Two people, returning home, have tested positive for Covid-19 coronavirus in Åland.

It’s the first confirmed cases of coronavirus after 70 tests in the autonomous province, and local Member of Parliament Mats Löfström says hospitals have been anticipating this, and preparing for it.

“We know that they are two young adults and they have arrived from abroad, many Ålanders have been on skiing vacations to Austria and Italy and other places” explains Löfström in a phone interview.

“Everyone was expecting cases to appear also on Åland and the good things is having these cases only yesterday has given the local hospital time to prepare. They have been in the highest level of preparedness for a week already” he tells News Now Finland.

Although during the summer there thousands of small islands for private sailing boats to arrive in Åland, at this time of year the main ways in are at the main ferry port or by air.

File picture of MP Mats Löfström (SFP) / Credit: SFP

Ships and planes are still running, albeit with reduced services, to allow residents to return home. There is a recommendation that anyone coming from the Finnish mainland should self-quarantine for 14 days but that was already in place before any confirmed cases.

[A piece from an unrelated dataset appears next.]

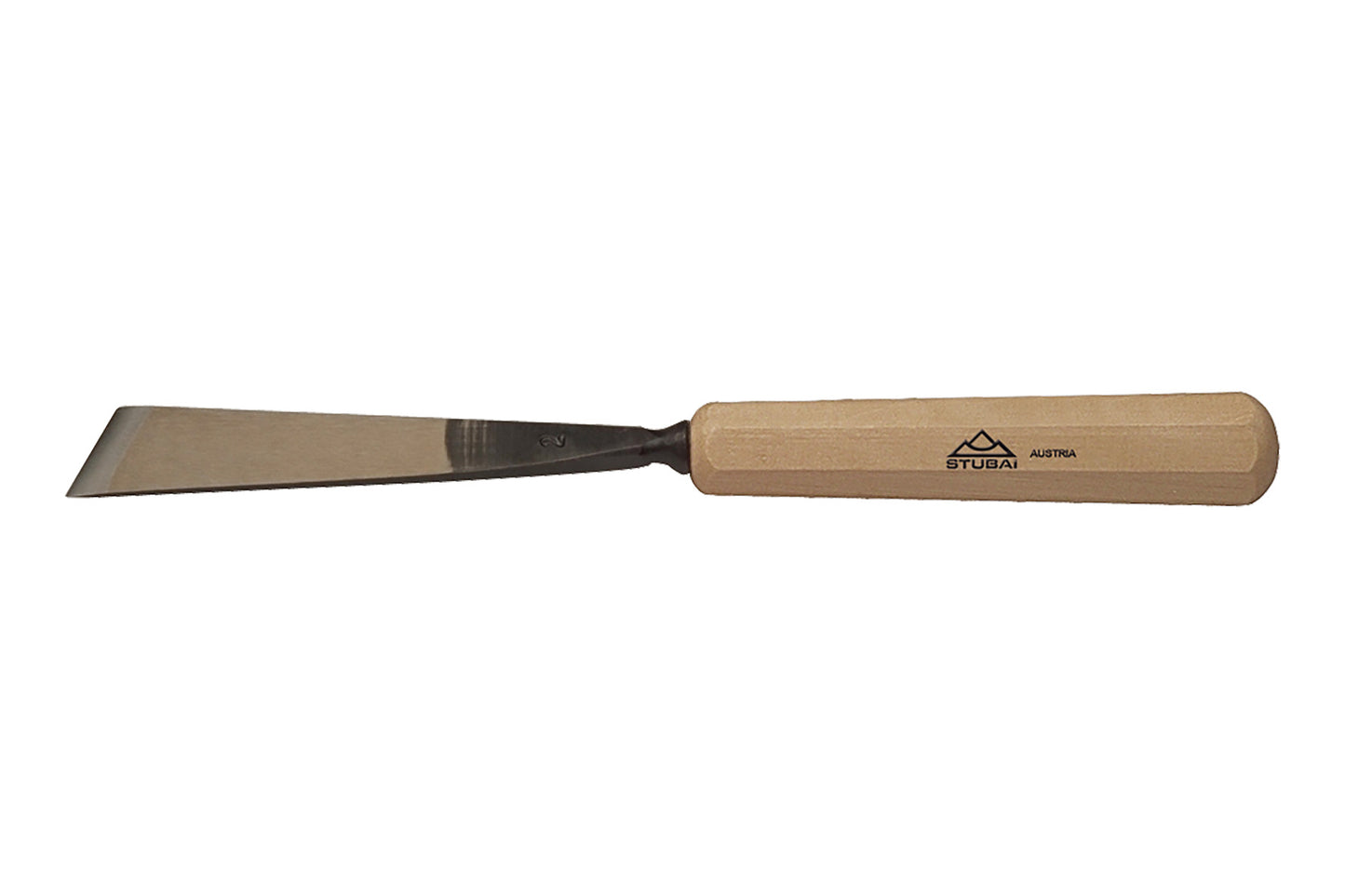 STUBAI Schnitzersatz 21-teilig | Serie 52 mit 20 Schnitzeisen & Holzschlegel | Balleisen, Flach- und Hohleisen in verschiedenen Breiten | Komplettes Holzbildhauer-Set für Fein- und Grobarbeiten | Made in Austria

“No more restrictions are needed, because no mainland Finns would fly here. Nobody is coming” says Löfström.

Like every other part of Finland, Ålanders are concerned about the impact of the pandemic on their economy.

“I would say there is a big concern mainly for the economy which is based on shipping and transport and tourism, and those industries will take a severe hit” says Löfström.

“There’s great concern for the livelihood of hotels, restaurants and so on. Of course there is a general concern of the virus like everywhere in the world but most people are calm” he adds.

“There’s not much more you can do except follow the advice of the authorities, but keep calm and support the local community economy as best as you can, within the restrictions.”